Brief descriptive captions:
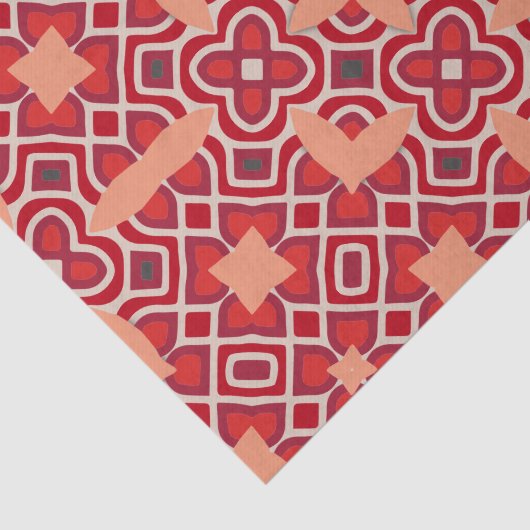 Rood etnisch Bohemiaans Arabesque Geometric Patroo Tissuepapier (Detail)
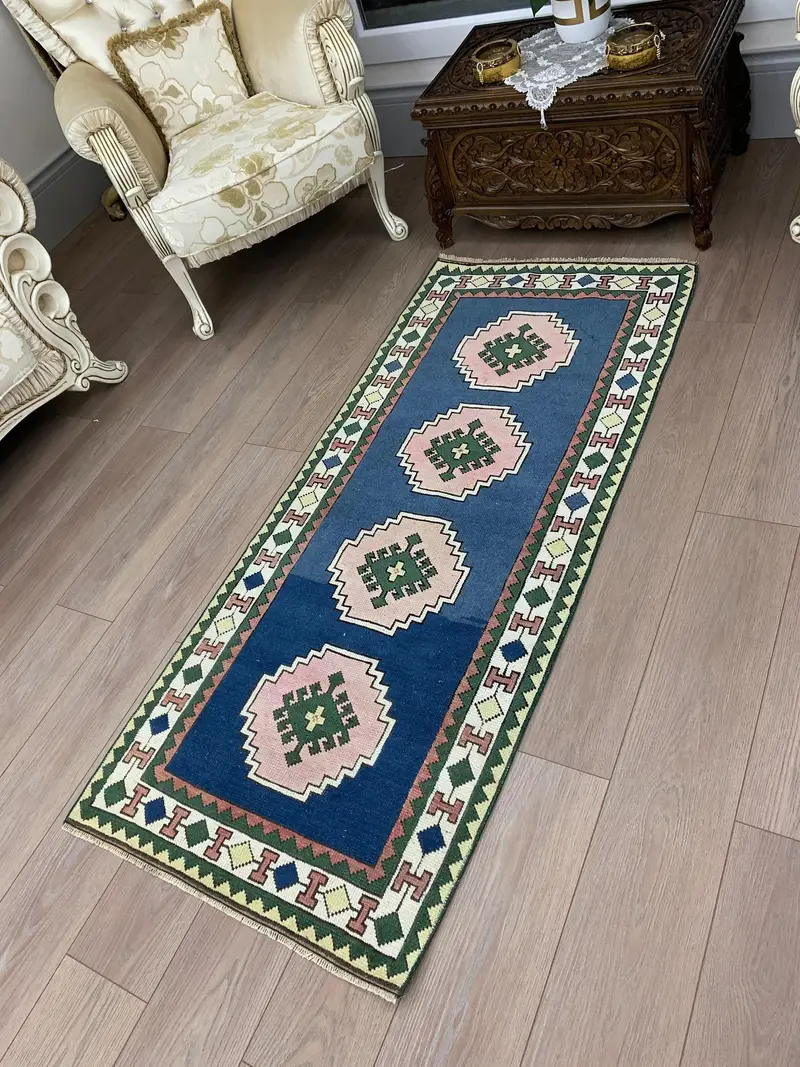 2.6x6.1 ft Türk Vintage Halı, Accent Halı, Mavi Oushak Puantiyeli Halı - 1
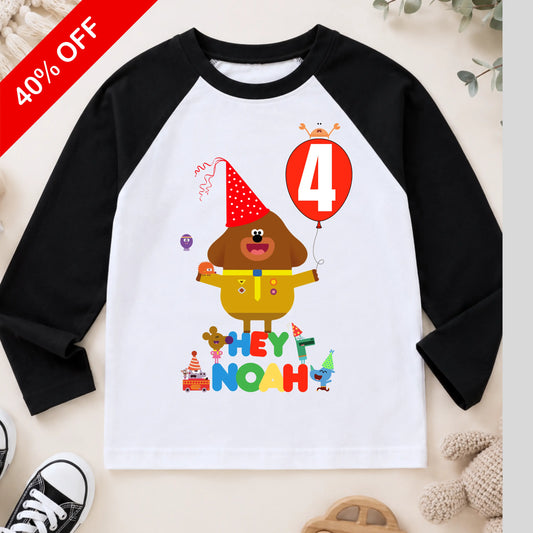 Personalised Hey Duggee Birthday Top for Boys and Girls – Raglan Baseball Style Top, Reduced to Clear AishaBaileyDesigns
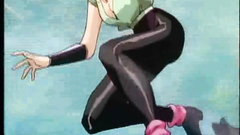 Sexy anime chick with long legs and her monster friend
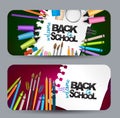 Welcome back to school. A set of horizontal banners, gift cards or vouchers. Study supplies lying over torn out sheet of paper. Royalty Free Stock Photo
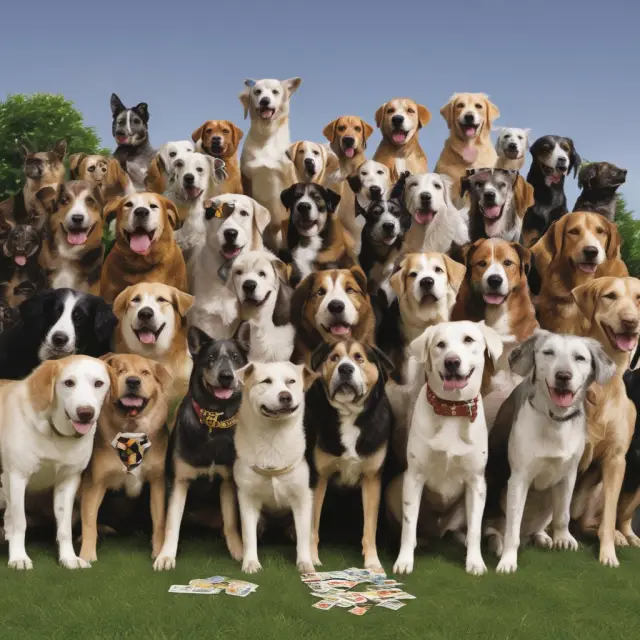 Image shows ten blue-chip dogs representing the Dogs of the Dow portfolio, each carrying a puzzle piece labeled with its corresponding stock symbol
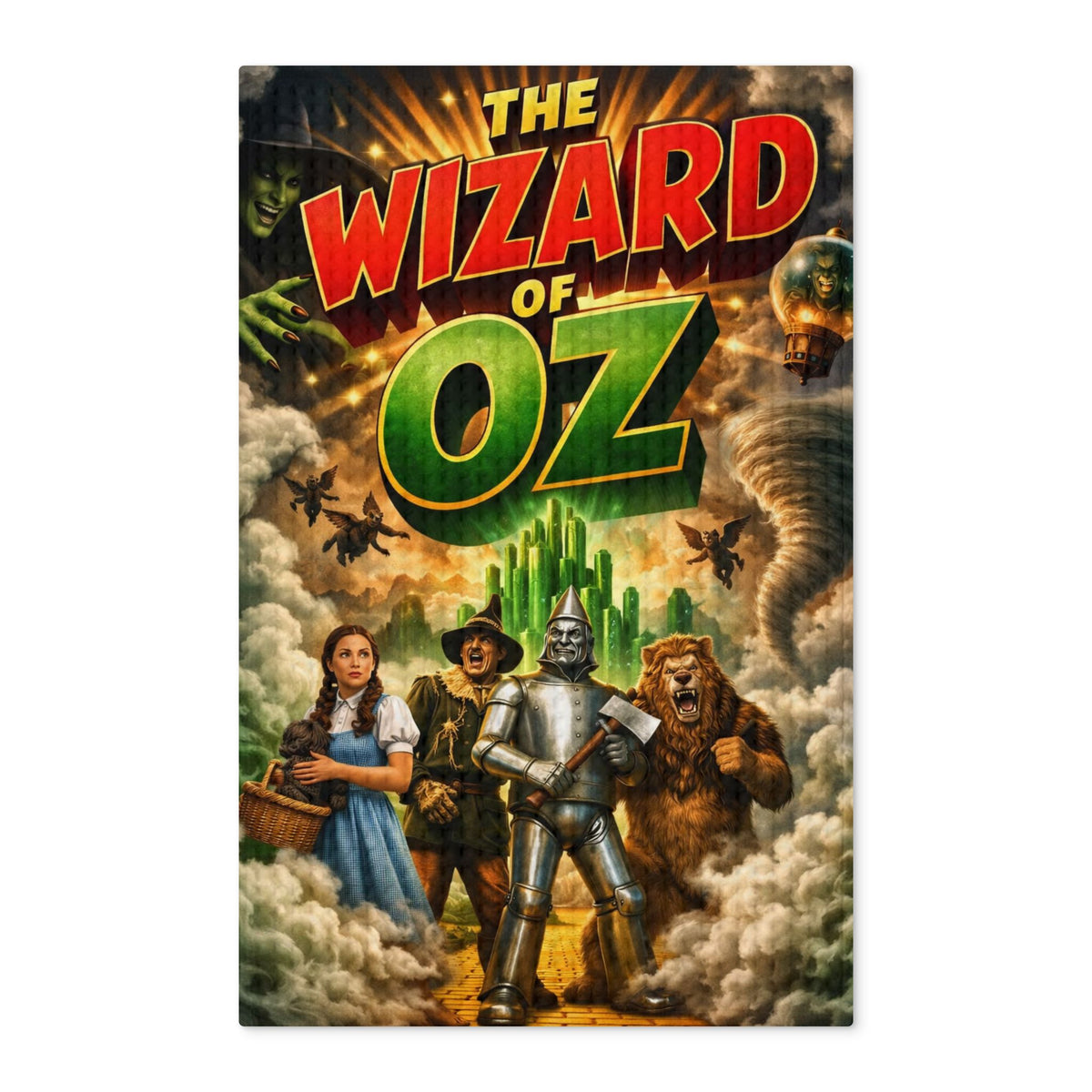 The Wizard of Oz Tea Towel - Vintage Movie Poster Waffle Kitchen Towel (Double-Sided)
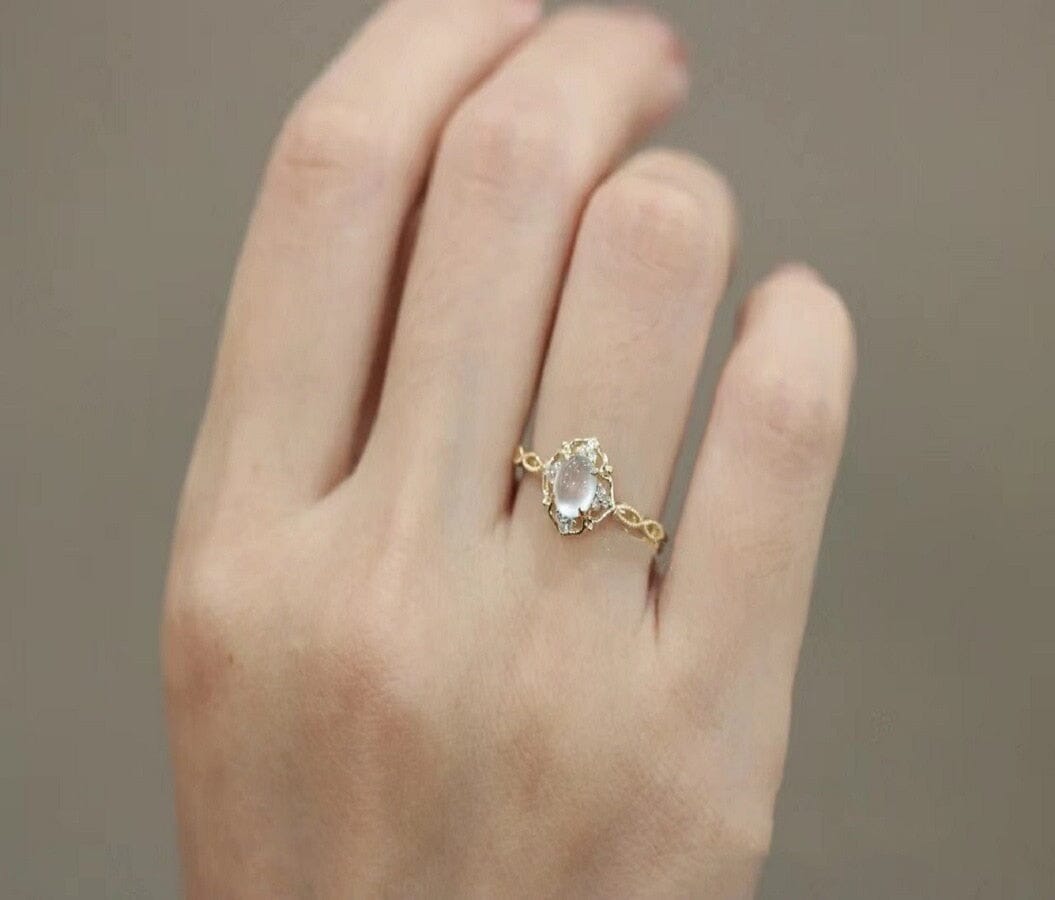 Moonstone Cats Eye Gold Plated RingRing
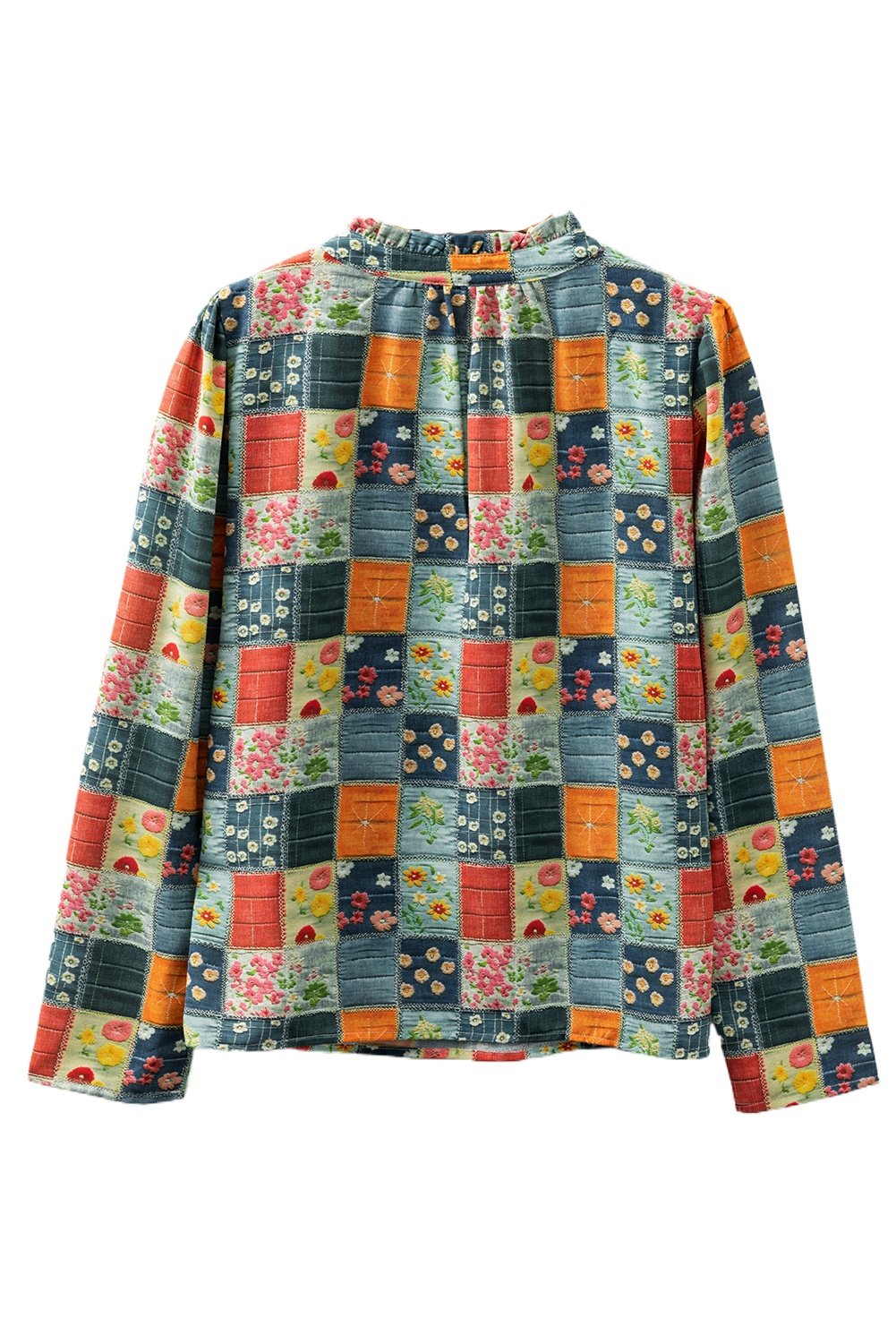 Women's Sky Blue Floral Half Placket Blouse – Casual V Neck Top for Daily Wear - Main View Women's Sky Blue Floral Half Placket Blouse – Casual V Neck Top for Daily Wear - Main View
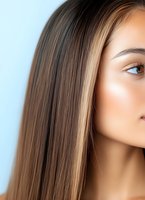 Close-up portrait of young Asian woman with long straight brown hair with blonde highlights, flawless skin and natural makeup against light blue background.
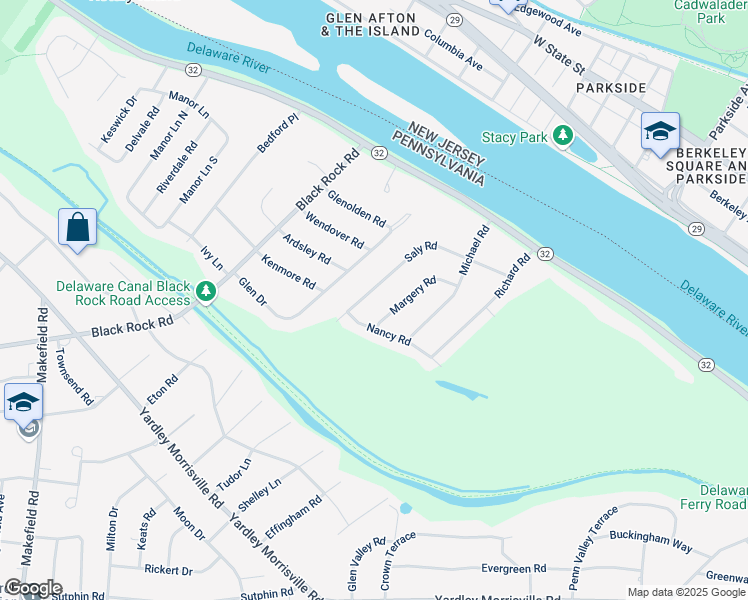 map of restaurants, bars, coffee shops, grocery stores, and more near 378 Saly Road in Yardley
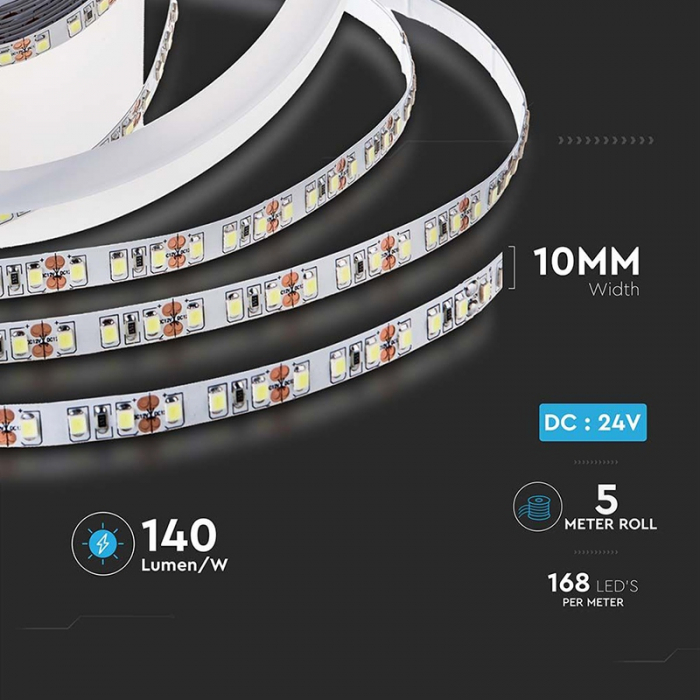 Banda led sm2835 24v 168led/m 4000k ip20 5m V-Tac 212597 [8]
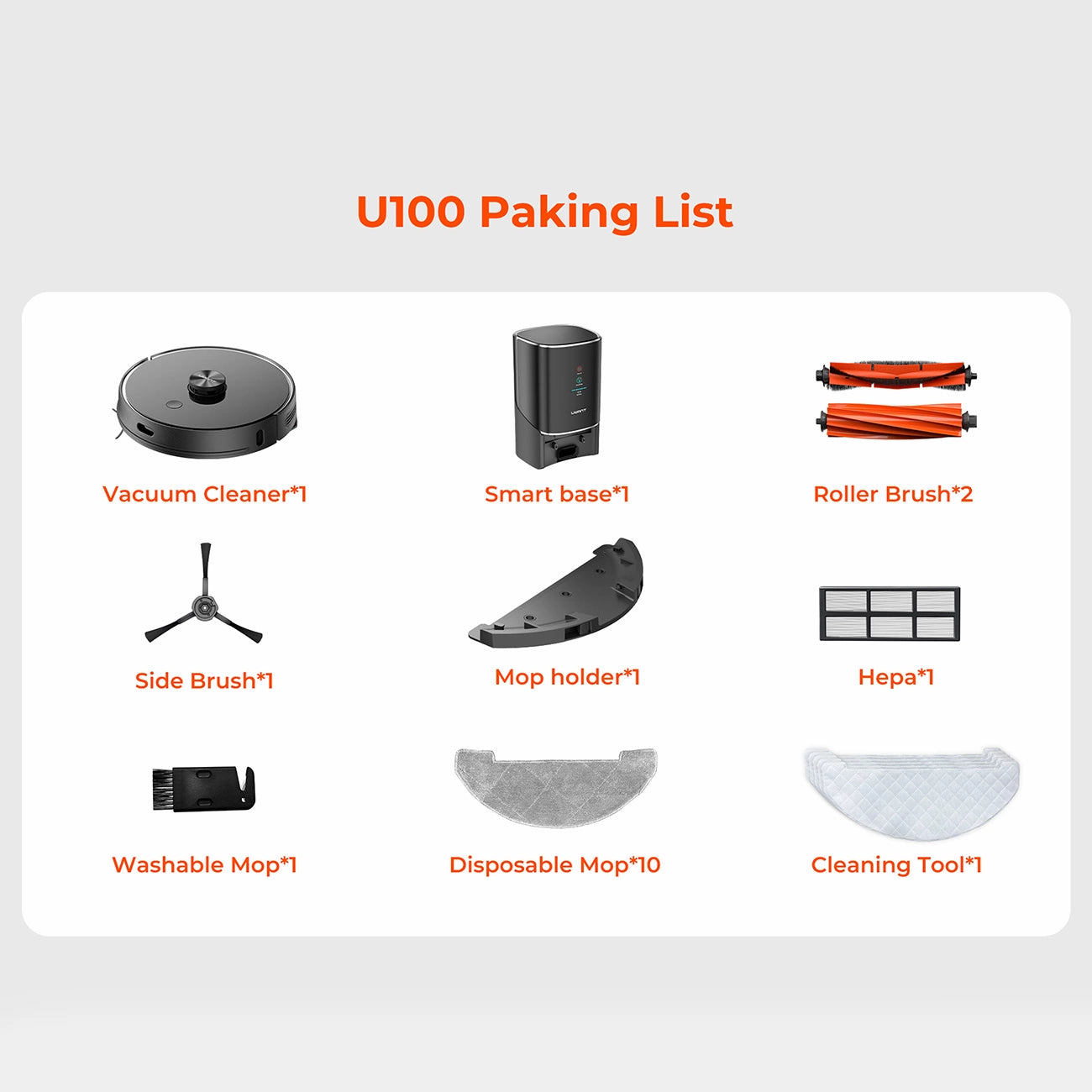 UWANT U100 Robot Vacuum Cleaner with Mop Function + Charging/Cleaning Station - Black_5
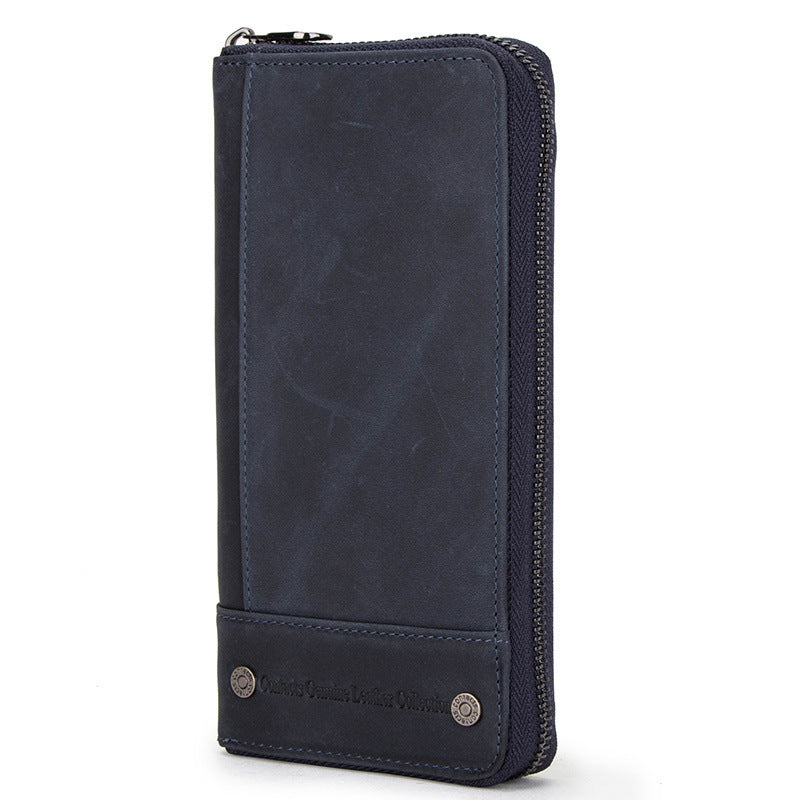 Billetera Larga de Hombre en Cuero Genuino con Bloqueo Antirrobo y Cierre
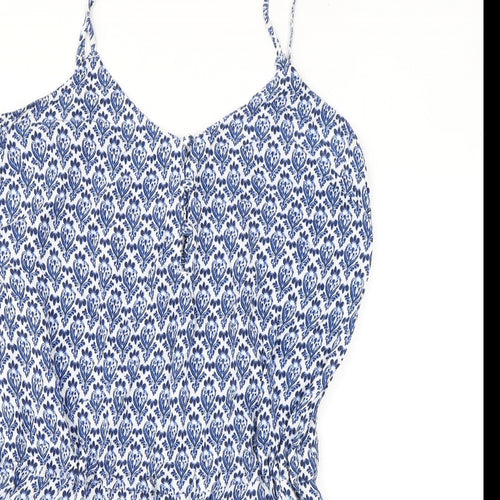 Marks and Spencer Womens Blue Geometric Viscose Playsuit One-Piece Size 16 Drawstring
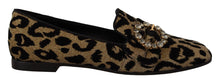 Load image into Gallery viewer, Dolce &amp; Gabbana Elegant Leopard Crystal Gem Loafers
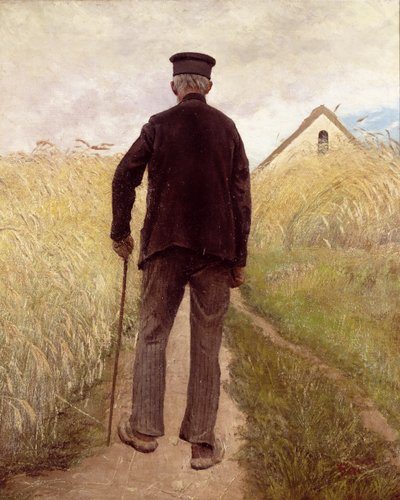 Çavdar tarlasında yürüyen yaşlı adam by Laurits Andersen Ring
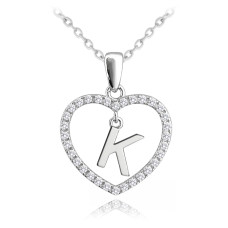 Strieborný náhrdelník písmeno v srdci "K" so zirkónmi Minet JMAS900KSN45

*TASK INSTRUCTIONS*
Give the data again exactly as it stands, apart from the pictures.

*ANSWER FOR THIS EXERCISE*
 Rood etnisch Bohemiaans Arabesque Geometric Patroo Tissuepapier (Detail)
 2.6x6.1 ft Türk Vintage Halı, Accent Halı, Mavi Oushak Puantiyeli Halı - 1
 Personalised Hey Duggee Birthday Top for Boys and Girls – Raglan Baseball Style Top, Reduced to Clear AishaBaileyDesigns
 Sexy anime chick with long legs and her monster friend
 Welcome back to school. A set of horizontal banners, gift cards or vouchers. Study supplies lying over torn out sheet of paper. Royalty Free Stock Photo
 Image shows ten blue-chip dogs representing the Dogs of the Dow portfolio, each carrying a puzzle piece labeled with its corresponding stock symbol
 The Wizard of Oz Tea Towel - Vintage Movie Poster Waffle Kitchen Towel (Double-Sided)
 Moonstone Cats Eye Gold Plated RingRing
 Women's Sky Blue Floral Half Placket Blouse – Casual V Neck Top for Daily Wear - Main View Women's Sky Blue Floral Half Placket Blouse – Casual V Neck Top for Daily Wear - Main View
 Close-up portrait of young Asian woman with long straight brown hair with blonde highlights, flawless skin and natural makeup against light blue background.
 map of restaurants, bars, coffee shops, grocery stores, and more near 378 Saly Road in Yardley
 Banda led sm2835 24v 168led/m 4000k ip20 5m V-Tac 212597 [8]
 UWANT U100 Robot Vacuum Cleaner with Mop Function + Charging/Cleaning Station - Black_5
 Billetera Larga de Hombre en Cuero Genuino con Bloqueo Antirrobo y Cierre
 Marks and Spencer Womens Blue Geometric Viscose Playsuit One-Piece Size 16 Drawstring
 Load image into Gallery viewer, Dolce &amp; Gabbana Elegant Leopard Crystal Gem Loafers
 Çavdar tarlasında yürüyen yaşlı adam by Laurits Andersen Ring
 Strieborný náhrdelník písmeno v srdci "K" so zirkónmi Minet JMAS900KSN45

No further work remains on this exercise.